++++ Record set

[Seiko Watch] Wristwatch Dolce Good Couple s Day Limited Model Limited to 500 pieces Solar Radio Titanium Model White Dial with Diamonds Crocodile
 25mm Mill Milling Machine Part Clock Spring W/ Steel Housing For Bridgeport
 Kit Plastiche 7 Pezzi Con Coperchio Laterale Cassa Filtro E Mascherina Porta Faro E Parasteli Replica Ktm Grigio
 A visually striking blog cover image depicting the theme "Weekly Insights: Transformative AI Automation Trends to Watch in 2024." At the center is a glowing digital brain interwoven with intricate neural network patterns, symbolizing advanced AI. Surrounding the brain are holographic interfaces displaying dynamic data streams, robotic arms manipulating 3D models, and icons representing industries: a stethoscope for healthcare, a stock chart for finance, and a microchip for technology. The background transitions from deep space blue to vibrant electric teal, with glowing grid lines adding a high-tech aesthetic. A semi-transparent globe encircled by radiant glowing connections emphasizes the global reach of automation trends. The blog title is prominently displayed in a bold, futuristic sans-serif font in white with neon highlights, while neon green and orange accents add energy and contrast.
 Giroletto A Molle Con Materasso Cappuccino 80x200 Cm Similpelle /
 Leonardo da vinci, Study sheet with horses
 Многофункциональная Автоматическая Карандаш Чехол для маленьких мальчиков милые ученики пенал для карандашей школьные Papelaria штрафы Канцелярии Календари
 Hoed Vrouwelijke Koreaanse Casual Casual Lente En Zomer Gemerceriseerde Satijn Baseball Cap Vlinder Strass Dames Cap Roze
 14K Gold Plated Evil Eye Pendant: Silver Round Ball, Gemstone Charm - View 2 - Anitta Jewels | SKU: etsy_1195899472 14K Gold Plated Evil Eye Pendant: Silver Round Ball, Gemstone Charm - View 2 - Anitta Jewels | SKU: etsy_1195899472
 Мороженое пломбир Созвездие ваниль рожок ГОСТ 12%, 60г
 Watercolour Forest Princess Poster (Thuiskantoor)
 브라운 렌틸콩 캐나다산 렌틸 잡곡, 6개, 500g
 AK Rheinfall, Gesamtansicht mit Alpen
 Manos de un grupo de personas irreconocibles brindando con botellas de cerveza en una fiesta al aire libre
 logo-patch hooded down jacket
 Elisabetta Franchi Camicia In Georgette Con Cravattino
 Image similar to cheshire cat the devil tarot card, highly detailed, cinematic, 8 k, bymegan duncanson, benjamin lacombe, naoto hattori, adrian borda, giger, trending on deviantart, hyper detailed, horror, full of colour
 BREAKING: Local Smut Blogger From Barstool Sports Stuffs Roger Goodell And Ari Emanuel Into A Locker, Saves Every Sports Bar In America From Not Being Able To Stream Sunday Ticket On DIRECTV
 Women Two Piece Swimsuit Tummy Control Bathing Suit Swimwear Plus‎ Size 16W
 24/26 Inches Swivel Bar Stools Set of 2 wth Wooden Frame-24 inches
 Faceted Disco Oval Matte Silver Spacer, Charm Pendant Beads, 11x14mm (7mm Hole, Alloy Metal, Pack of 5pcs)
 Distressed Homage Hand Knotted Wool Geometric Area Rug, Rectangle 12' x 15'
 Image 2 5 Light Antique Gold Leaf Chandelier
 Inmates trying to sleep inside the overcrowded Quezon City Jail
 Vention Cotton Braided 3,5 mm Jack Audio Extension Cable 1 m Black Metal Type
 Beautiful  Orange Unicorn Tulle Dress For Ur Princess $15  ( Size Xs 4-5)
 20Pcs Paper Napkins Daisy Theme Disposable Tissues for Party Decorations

++++++++

The "Watercolour Forest Princess" line through the last line above: set these down exactly and add nothing else.

 Watercolour Forest Princess Poster (Thuiskantoor)
 브라운 렌틸콩 캐나다산 렌틸 잡곡, 6개, 500g
 AK Rheinfall, Gesamtansicht mit Alpen
 Manos de un grupo de personas irreconocibles brindando con botellas de cerveza en una fiesta al aire libre
 logo-patch hooded down jacket
 Elisabetta Franchi Camicia In Georgette Con Cravattino
 Image similar to cheshire cat the devil tarot card, highly detailed, cinematic, 8 k, bymegan duncanson, benjamin lacombe, naoto hattori, adrian borda, giger, trending on deviantart, hyper detailed, horror, full of colour
 BREAKING: Local Smut Blogger From Barstool Sports Stuffs Roger Goodell And Ari Emanuel Into A Locker, Saves Every Sports Bar In America From Not Being Able To Stream Sunday Ticket On DIRECTV
 Women Two Piece Swimsuit Tummy Control Bathing Suit Swimwear Plus‎ Size 16W
 24/26 Inches Swivel Bar Stools Set of 2 wth Wooden Frame-24 inches
 Faceted Disco Oval Matte Silver Spacer, Charm Pendant Beads, 11x14mm (7mm Hole, Alloy Metal, Pack of 5pcs)
 Distressed Homage Hand Knotted Wool Geometric Area Rug, Rectangle 12' x 15'
 Image 2 5 Light Antique Gold Leaf Chandelier
 Inmates trying to sleep inside the overcrowded Quezon City Jail
 Vention Cotton Braided 3,5 mm Jack Audio Extension Cable 1 m Black Metal Type
 Beautiful  Orange Unicorn Tulle Dress For Ur Princess $15  ( Size Xs 4-5)
 20Pcs Paper Napkins Daisy Theme Disposable Tissues for Party Decorations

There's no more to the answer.